**Recorded data**
------------------------------------

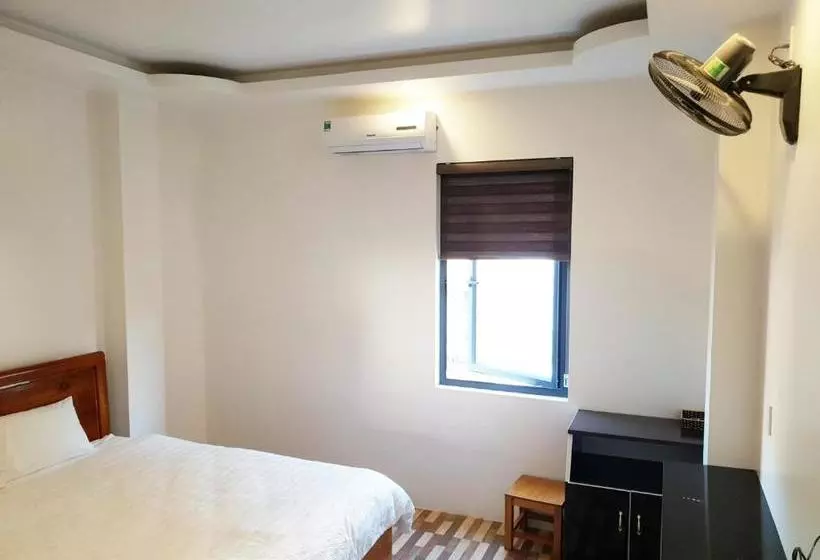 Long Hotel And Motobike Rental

------------------------------------

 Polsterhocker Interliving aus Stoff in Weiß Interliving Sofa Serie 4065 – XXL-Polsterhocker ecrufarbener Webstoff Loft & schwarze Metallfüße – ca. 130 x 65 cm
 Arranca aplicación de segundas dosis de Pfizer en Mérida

------------------------------------

**Activity**
In the data above, retype exactly and only the lines between the one holding "Polsterhocker Interliving aus" and the one holding "Arranca aplicación de", inclusive.

**Completed exercise**
 Polsterhocker Interliving aus Stoff in Weiß Interliving Sofa Serie 4065 – XXL-Polsterhocker ecrufarbener Webstoff Loft & schwarze Metallfüße – ca. 130 x 65 cm
 Arranca aplicación de segundas dosis de Pfizer en Mérida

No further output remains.